> [INSTRUCTIONS TO FOLLOW] Starting at the line that contains "Team Visma | Lease a Bike", repeat each line exactly until the records end, keeping both the first and the last.

Start of RECORDS SUPPLIED

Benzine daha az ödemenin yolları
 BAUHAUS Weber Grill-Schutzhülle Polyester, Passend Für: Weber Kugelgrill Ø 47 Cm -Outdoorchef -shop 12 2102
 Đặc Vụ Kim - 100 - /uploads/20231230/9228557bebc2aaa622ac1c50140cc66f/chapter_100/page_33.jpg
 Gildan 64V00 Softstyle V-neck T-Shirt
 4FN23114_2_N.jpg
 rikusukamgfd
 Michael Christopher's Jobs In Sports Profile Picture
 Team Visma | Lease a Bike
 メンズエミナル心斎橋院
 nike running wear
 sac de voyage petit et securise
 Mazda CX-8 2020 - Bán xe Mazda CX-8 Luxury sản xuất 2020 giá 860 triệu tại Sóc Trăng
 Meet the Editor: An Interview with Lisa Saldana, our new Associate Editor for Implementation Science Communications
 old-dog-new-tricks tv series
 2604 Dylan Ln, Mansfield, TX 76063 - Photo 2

End of RECORDS SUPPLIED

> [FINISHED EXERCISE]
 Team Visma | Lease a Bike
 メンズエミナル心斎橋院
 nike running wear
 sac de voyage petit et securise
 Mazda CX-8 2020 - Bán xe Mazda CX-8 Luxury sản xuất 2020 giá 860 triệu tại Sóc Trăng
 Meet the Editor: An Interview with Lisa Saldana, our new Associate Editor for Implementation Science Communications
 old-dog-new-tricks tv series
 2604 Dylan Ln, Mansfield, TX 76063 - Photo 2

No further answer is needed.